Work to be completed :: Below are several entries. Transcribe exactly those lines that fall from the one with "Khoa Kỹ Đại Tiên Tông Chapter 25 - Trang 22" through the one with "Claude Clawmark - Trading Card - Nijisanji", end lines included.

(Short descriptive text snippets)
=== Begin Enclosure ===
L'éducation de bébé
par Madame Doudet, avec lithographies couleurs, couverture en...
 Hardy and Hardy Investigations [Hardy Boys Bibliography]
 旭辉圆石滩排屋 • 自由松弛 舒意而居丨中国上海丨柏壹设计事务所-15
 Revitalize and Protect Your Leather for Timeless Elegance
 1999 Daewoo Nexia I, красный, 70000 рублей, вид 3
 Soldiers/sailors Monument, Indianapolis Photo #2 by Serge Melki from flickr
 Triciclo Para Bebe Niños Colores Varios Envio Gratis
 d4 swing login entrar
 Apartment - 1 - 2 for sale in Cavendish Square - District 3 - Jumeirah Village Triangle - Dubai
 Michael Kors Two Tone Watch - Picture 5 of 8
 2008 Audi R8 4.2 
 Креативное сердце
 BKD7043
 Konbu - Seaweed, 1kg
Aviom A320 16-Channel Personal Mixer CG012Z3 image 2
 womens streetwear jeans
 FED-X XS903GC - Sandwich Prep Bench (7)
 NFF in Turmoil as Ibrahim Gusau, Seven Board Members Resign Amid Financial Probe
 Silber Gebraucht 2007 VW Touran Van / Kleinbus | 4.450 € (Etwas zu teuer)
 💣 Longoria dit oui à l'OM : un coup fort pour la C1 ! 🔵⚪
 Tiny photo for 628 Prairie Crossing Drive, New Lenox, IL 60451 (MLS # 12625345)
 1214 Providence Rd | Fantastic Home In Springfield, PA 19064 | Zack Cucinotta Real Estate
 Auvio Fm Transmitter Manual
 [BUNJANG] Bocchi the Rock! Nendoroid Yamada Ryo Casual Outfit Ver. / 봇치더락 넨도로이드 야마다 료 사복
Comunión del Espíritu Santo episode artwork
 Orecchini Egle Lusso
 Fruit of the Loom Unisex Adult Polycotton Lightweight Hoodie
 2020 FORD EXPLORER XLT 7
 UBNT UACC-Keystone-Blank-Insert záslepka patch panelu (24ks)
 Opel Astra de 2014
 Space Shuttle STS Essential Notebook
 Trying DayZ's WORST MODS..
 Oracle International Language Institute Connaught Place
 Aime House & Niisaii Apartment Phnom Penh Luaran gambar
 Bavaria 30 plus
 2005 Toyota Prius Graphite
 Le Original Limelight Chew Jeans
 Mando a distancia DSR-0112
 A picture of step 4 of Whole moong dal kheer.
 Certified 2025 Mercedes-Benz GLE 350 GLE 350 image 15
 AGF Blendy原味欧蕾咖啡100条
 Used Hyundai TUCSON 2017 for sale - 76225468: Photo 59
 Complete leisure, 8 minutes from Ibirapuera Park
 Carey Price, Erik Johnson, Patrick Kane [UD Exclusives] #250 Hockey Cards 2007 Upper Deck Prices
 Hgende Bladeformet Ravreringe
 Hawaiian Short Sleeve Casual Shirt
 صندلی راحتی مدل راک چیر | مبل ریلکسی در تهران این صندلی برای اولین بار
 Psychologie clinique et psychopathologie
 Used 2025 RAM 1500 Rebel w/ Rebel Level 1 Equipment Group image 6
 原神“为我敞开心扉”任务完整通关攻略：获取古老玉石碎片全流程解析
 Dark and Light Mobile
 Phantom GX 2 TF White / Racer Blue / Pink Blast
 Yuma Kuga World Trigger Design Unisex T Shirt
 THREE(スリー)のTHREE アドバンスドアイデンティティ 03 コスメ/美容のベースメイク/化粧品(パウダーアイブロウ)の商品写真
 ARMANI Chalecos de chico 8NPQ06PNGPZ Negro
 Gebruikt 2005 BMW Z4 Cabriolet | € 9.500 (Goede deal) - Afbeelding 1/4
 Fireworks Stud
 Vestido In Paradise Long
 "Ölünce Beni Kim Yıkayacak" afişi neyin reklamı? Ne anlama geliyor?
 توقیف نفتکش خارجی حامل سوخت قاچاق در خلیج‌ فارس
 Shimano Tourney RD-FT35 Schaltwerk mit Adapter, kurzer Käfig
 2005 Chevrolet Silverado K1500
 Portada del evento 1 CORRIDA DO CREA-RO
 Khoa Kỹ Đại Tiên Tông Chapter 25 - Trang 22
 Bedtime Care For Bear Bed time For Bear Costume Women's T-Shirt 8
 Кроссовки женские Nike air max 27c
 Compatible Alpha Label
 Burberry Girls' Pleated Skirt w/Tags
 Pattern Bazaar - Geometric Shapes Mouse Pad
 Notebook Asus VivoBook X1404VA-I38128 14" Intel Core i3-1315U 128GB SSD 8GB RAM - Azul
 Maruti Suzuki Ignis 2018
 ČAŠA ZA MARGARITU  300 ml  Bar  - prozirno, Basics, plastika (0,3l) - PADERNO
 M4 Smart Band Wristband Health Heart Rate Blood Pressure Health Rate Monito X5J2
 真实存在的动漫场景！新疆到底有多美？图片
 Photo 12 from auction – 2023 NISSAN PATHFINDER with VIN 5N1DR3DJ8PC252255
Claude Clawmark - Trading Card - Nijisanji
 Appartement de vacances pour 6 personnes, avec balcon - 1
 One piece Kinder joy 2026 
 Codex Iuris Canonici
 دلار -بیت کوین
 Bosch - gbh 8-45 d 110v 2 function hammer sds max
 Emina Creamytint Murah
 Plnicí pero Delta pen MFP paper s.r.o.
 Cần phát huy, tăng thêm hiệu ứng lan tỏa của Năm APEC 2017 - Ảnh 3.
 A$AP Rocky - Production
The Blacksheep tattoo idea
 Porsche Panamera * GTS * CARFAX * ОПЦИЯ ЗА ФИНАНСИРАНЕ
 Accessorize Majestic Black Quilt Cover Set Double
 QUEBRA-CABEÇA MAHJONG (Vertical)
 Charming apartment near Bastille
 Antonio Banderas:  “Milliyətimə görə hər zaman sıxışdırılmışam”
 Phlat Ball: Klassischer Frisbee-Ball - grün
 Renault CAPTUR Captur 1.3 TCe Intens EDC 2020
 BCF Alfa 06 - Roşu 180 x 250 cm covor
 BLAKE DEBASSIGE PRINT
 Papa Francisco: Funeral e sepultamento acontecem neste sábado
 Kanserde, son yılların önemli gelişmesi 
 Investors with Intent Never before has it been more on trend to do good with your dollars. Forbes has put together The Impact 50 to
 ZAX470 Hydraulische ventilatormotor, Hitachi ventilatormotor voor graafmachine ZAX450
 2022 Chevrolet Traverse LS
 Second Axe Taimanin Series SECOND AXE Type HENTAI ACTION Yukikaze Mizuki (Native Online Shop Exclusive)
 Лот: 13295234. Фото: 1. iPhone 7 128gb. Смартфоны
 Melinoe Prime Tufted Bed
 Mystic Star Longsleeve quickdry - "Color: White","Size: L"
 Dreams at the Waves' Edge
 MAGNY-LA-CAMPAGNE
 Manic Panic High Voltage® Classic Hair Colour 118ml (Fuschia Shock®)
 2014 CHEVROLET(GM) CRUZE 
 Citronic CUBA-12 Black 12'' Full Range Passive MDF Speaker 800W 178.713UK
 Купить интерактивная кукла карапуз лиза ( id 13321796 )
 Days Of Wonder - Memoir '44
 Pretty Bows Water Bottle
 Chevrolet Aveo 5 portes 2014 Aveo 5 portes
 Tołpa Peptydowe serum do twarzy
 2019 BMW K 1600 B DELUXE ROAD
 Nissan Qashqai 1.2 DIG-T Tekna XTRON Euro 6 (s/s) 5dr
=== End Enclosure ===
Solution ::
 Khoa Kỹ Đại Tiên Tông Chapter 25 - Trang 22
 Bedtime Care For Bear Bed time For Bear Costume Women's T-Shirt 8
 Кроссовки женские Nike air max 27c
 Compatible Alpha Label
 Burberry Girls' Pleated Skirt w/Tags
 Pattern Bazaar - Geometric Shapes Mouse Pad
 Notebook Asus VivoBook X1404VA-I38128 14" Intel Core i3-1315U 128GB SSD 8GB RAM - Azul
 Maruti Suzuki Ignis 2018
 ČAŠA ZA MARGARITU  300 ml  Bar  - prozirno, Basics, plastika (0,3l) - PADERNO
 M4 Smart Band Wristband Health Heart Rate Blood Pressure Health Rate Monito X5J2
 真实存在的动漫场景！新疆到底有多美？图片
 Photo 12 from auction – 2023 NISSAN PATHFINDER with VIN 5N1DR3DJ8PC252255
Claude Clawmark - Trading Card - Nijisanji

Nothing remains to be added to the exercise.